In the CPU sub-group you can view the performance load of each individual CPU, but more useful is the Aggregate and Target App CPU Load. By dragging these two metrics on to the right panel, you can view just how much your app is using the CPU vs the overall system usage to enable you to detect if any performance issues are being caused by background operations.

Device IO

In the Device IO sub-group you can view disk and network activity, which can give you a quick indication if your app’s performance is being affected by IO operations.

GPU

The GPU sub-section gives you direct metrics on the actual load on the GPU, with metrics on tiling operations, to verticies per second, to texture and shader processing loads.

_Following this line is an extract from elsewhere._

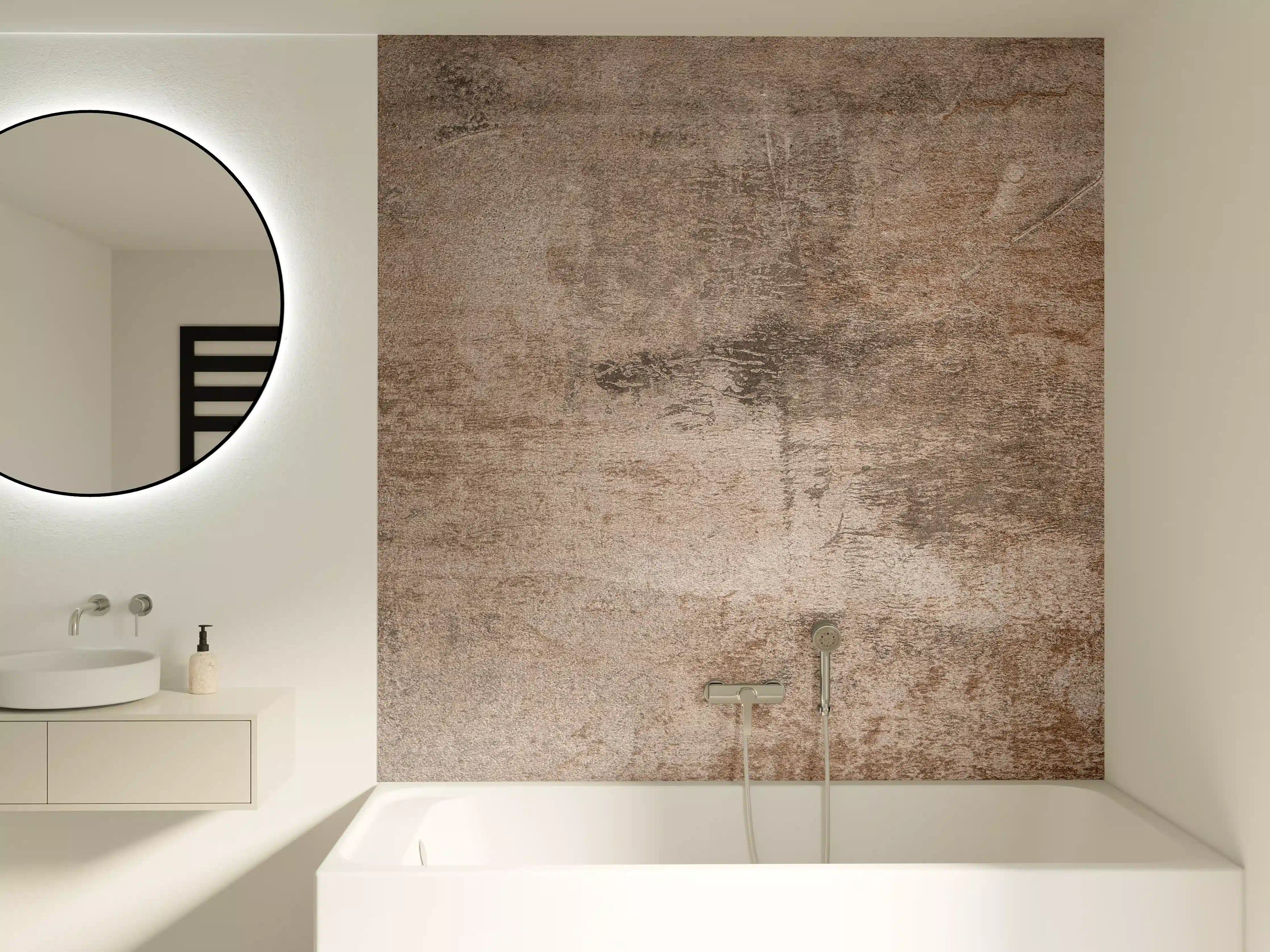 Badewannen-Rückwand - Rostige Stahl-Struktur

  • TA Load and USSE Vertex Load: TA Load tels you the time that the Tile Accelerator is being used. USSE Vertex Load tells you the percentage of time the shader engine is processing vertex instructions. Ideally these loads should be balanced for best performance. However, if the vertex load is low and the TA load is high, it means the scene is too complex. On the other hand, if the vertex load is high and the TA load is low, then it means that the vertex shader should targeted for optimization.
  • PB Primitives/Second: If this value is high, it indicates that your bottleneck is your vertex format size.
  • PB Vertices/Second: If this value is high, it’s worth inspecting the amount of vertex data you’re passing between the vertex and fragment shader.
  • PB Vertices/Primitive: If this value is high, it’s worth looking into reducing the LOD of your models or sharing vertices with index buffers.
  • ISP Load: The Image Synthesis Processor is responsible for hidden surface removal, if this metric is high it’s worth looking into implementing a software culling technique or order your draw calls. It’s also worth looking into if your Z-buffer is being used to manage several render targets, and if so, create a Z-buffer per render target.
  • TSP Load, Texture Unit Load and USSE Pixel Load: The TSP metric gives you a percentage time that the Texture and Shading processor is busy. The Texture Unit Load tells you how busy the texture units are, and the USSE Pixel Load tells you how much time the shader units are processing pixel instructions. Using these metrics in combination will help you gauge which area to optimize. If your TSP Load is high, by looking at the Texture Unit Load and USSE Pixel Load you can deduce if the load is occurring because of texturing or shader complexity. If the Texture Unit load is high, then it’s worth optimizing your texture types by either using compression or reducing the resolution. However if the USSE Pixel Load is high, then it’s worth investigating the complexity of your fragment shaders.
  • USSE Total Load: Tells you the percentage time that the shader units are being used. Worth using along side the Pixel and Vertex Loads to deduce which area is the bottleneck.
  • USSE Cycles/Vertex, Cycles/Pixel and Stall Load: Gives you immediate stats on the processing efficiency of your frament and vertex shaders.

Memory

The Memory sub-section gives you an instant overview of your app’s memory usage and the available system memory. This can be a very quick and useful check for your app leaking memory, or if your performance issues are related to lack of available system memory.

OpenGL

This sub-section gives you really useful metrics for 3D apps and games, with instant access to the FPS count, frame times, number of buffer creations, draw calls and state changes.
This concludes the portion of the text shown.